Short text fragments from websites:
-*-

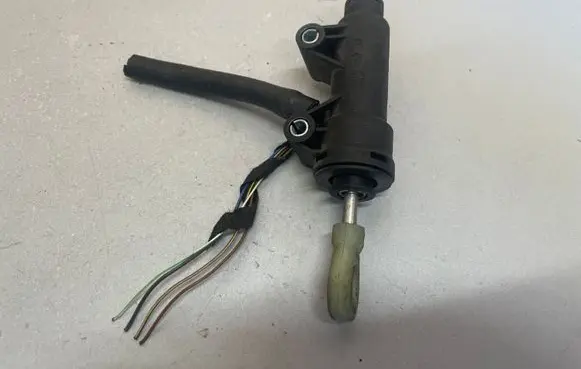 BMW 3 F30 F35 F31 Clutch slave cylinder 6773570
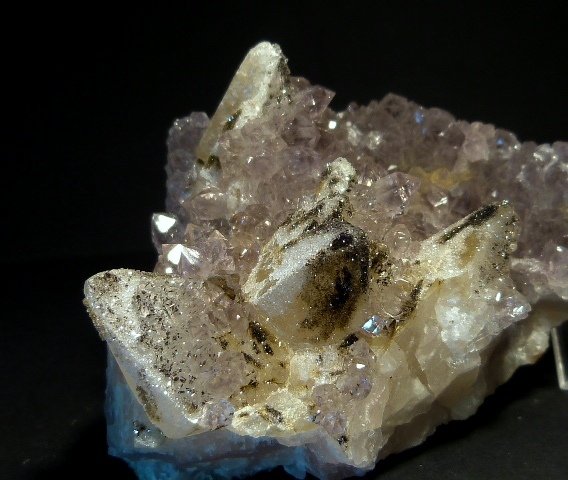 Cuarzo (variedad amatista)
7 x 6 cm.
(Autor: Felipe Abolafia)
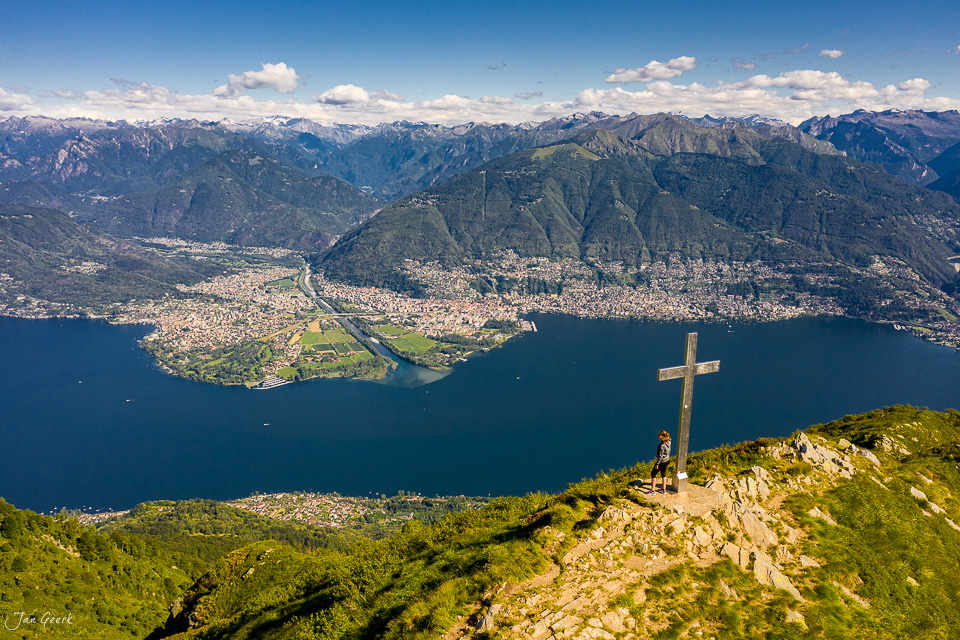 Holzkreuz auf dem Monte Gambarogno mit Blick auf Ascona und den Lago Maggiore im Sommer, Tessin Schweiz – Jan Geerk Fotograf Basel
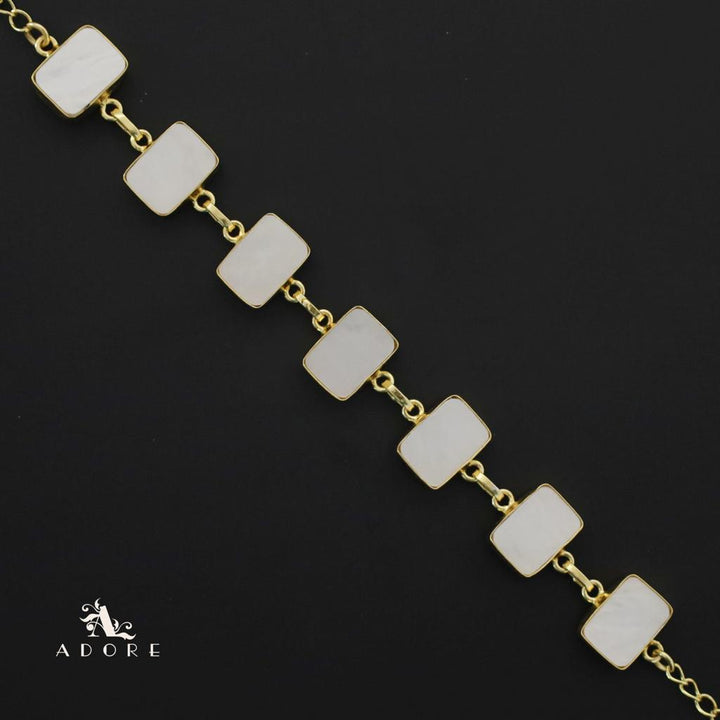 Tikara Rectangle MOP Choker / Short Neckpiece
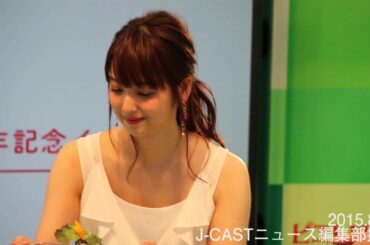 かわいすぎる…佐々木希が特製ドレッシングたっぷりのサラダを堪能！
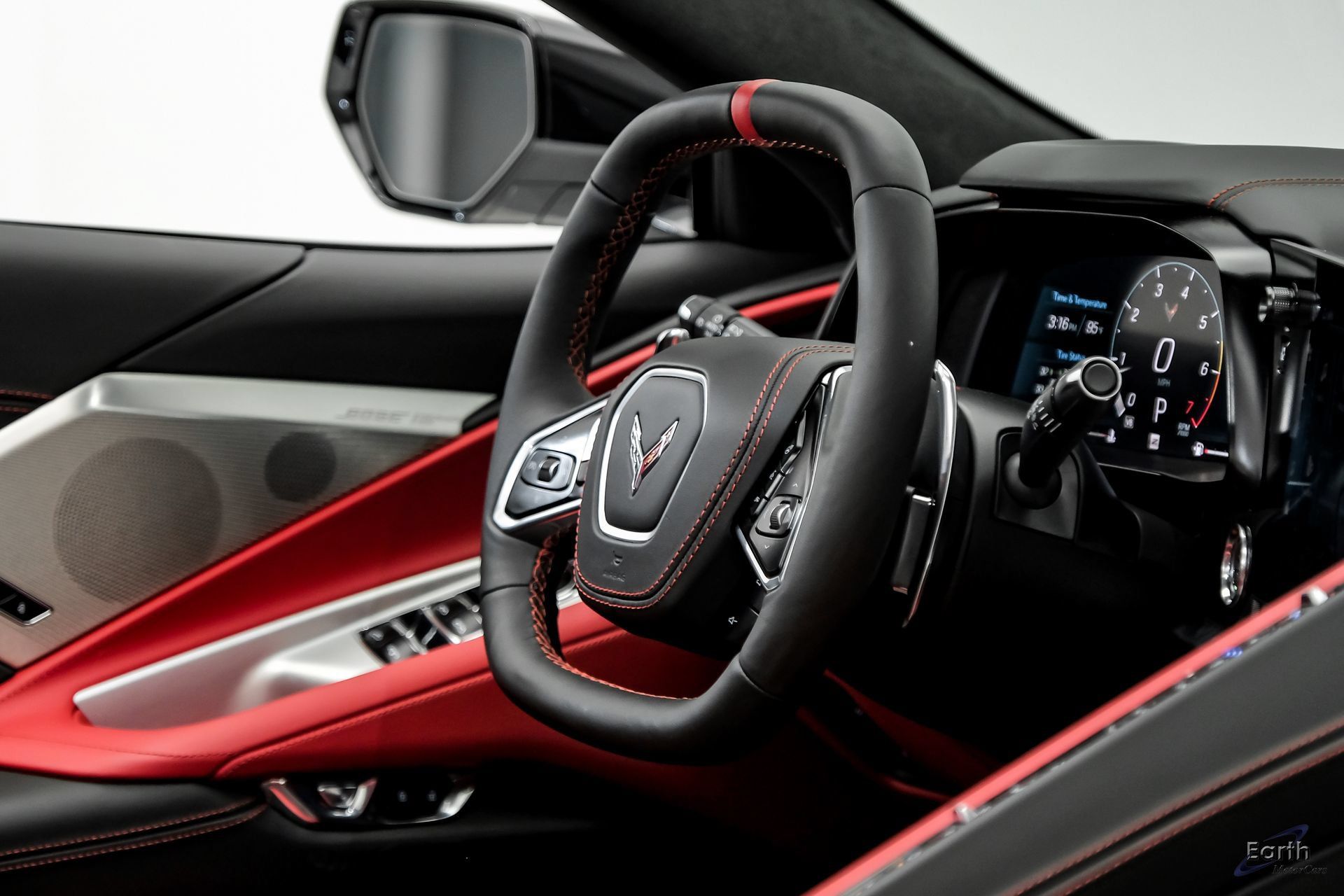 Used 2024 Chevrolet Corvette Stingray Premium Conv w/ Z51 Performance Package RWD image 65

-*-

● **EXERCISE PROMPT**: Each of the records above needs to be transcribed exactly, apart from its pictures.

● **SOLUTION FOR THIS EXERCISE**:
 BMW 3 F30 F35 F31 Clutch slave cylinder 6773570
 Cuarzo (variedad amatista)
7 x 6 cm.
(Autor: Felipe Abolafia)
 Holzkreuz auf dem Monte Gambarogno mit Blick auf Ascona und den Lago Maggiore im Sommer, Tessin Schweiz – Jan Geerk Fotograf Basel
 Tikara Rectangle MOP Choker / Short Neckpiece
 かわいすぎる…佐々木希が特製ドレッシングたっぷりのサラダを堪能！
 Used 2024 Chevrolet Corvette Stingray Premium Conv w/ Z51 Performance Package RWD image 65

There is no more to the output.